Re: Unicode Normalisaton Optimisation Experiments

From: Peter Kirk (peterkirk@qaya.org)
Date: Fri Sep 26 2003 - 07:37:47 EDT

  • Next message: Peter Kirk: "Re: Fun with proof by analogy, was Re: Mojibake on my Web pages"

    On 26/09/2003 10:52, jon@spin.ie wrote:

    > ...
    >
    >If there is a problem with this then it goes deeper than just NFC, but to the rules of how combining characters can or cannot be reordered, and the meaning that the resulting strings have. If there is a problem with that then the problem lies with those rules, rather than NFC which uses them.
    >
    >
    >
    Actually, in my opinion based on experience with problem combinations in
    Hebrew and Arabic, the problem is not so much with the reordering rules
    as with the way that some canonical decompositions and combining classes
    have been inappropriately defined, and with the stability policy which
    decrees that even the most obvious mistakes cannot be corrected.
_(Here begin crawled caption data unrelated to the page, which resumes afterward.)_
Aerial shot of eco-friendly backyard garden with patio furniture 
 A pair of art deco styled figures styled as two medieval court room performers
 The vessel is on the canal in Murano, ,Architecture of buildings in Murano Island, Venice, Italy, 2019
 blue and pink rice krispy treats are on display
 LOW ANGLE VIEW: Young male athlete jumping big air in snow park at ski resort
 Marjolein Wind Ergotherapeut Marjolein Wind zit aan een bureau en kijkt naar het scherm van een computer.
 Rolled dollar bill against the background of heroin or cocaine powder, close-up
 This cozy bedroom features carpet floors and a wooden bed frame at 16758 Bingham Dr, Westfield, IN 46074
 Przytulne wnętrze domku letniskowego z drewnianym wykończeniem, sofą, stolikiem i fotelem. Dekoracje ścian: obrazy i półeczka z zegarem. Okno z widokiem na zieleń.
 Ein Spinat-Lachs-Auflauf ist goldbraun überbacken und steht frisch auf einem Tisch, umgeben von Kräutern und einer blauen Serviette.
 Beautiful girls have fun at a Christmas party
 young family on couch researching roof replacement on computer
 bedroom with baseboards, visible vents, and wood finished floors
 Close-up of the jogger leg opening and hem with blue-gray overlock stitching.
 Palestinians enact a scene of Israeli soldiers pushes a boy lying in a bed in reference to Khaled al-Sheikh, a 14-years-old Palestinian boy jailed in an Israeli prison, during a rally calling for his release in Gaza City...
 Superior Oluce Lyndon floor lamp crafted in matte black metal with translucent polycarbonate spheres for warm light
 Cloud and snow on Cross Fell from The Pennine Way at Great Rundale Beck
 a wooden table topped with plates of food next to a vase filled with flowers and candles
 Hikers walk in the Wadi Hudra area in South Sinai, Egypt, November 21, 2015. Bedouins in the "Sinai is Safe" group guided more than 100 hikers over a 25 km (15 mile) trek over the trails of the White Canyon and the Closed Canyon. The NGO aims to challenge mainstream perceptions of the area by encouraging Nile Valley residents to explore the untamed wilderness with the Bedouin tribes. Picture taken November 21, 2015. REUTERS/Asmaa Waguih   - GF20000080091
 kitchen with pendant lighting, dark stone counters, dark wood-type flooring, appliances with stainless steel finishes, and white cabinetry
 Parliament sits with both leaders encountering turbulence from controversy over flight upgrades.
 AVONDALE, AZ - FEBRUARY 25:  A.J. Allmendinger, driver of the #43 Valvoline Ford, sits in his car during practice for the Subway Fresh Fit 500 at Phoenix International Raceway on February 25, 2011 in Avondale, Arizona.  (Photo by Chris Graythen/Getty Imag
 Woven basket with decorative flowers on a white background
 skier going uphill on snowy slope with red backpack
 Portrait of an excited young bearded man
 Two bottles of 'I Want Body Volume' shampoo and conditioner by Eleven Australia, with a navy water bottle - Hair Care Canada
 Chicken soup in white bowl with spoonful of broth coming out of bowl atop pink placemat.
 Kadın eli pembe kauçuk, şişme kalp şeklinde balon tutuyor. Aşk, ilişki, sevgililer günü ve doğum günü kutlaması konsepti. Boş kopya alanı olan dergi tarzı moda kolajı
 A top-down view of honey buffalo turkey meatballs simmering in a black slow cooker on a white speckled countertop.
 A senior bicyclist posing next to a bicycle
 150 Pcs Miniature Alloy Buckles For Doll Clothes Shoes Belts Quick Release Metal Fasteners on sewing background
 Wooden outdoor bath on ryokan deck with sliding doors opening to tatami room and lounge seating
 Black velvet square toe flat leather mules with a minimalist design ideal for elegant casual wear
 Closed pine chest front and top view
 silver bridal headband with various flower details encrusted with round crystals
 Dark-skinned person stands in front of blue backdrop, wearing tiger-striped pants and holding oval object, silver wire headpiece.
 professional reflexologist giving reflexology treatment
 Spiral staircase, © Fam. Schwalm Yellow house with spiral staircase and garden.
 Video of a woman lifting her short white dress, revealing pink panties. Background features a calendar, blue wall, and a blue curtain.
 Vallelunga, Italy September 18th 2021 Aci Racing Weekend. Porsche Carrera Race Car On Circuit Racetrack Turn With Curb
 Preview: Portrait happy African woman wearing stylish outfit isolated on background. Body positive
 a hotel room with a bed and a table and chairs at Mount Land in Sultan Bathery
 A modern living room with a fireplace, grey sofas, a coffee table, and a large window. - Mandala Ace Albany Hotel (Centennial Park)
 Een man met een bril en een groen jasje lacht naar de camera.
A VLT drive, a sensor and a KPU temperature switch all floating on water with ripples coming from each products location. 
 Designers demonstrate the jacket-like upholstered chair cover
    The problem is that the definitions in the Unicode Standard conflict
    with the stability policy. For example, from p.83 of TUS 4.0:

    > D46 Combining class: A numeric value given to each combining Unicode
    > character that
    > determines with which other combining characters it typographically
    > interacts.
    > • See Section 4.3, Combining Classes—Normative, for information about
    > the combining
    > classes for Unicode characters.
    > Characters have the same class if they interact typographically, and
    > different classes if they
    > do not.

    This is simply untrue and so needs to be changed. I have well documented
    examples from Hebrew and from Arabic of combining characters which do
    not have the same combining class but do interact typographically.
    (Unless D46 is read as a counter-intuitive definition of
    "typographically interacts".) The obvious way of correcting this error,
    to adjust the combining classes, is ruled out by the stability policy.
    So the text of the standard, which can be changed in a new version,
    needs to be changed to read something like:

    Characters have the same class if according to the best information
    available in 2001 (?) they were thought to interact typographically, and
    different classes if they were thought not to.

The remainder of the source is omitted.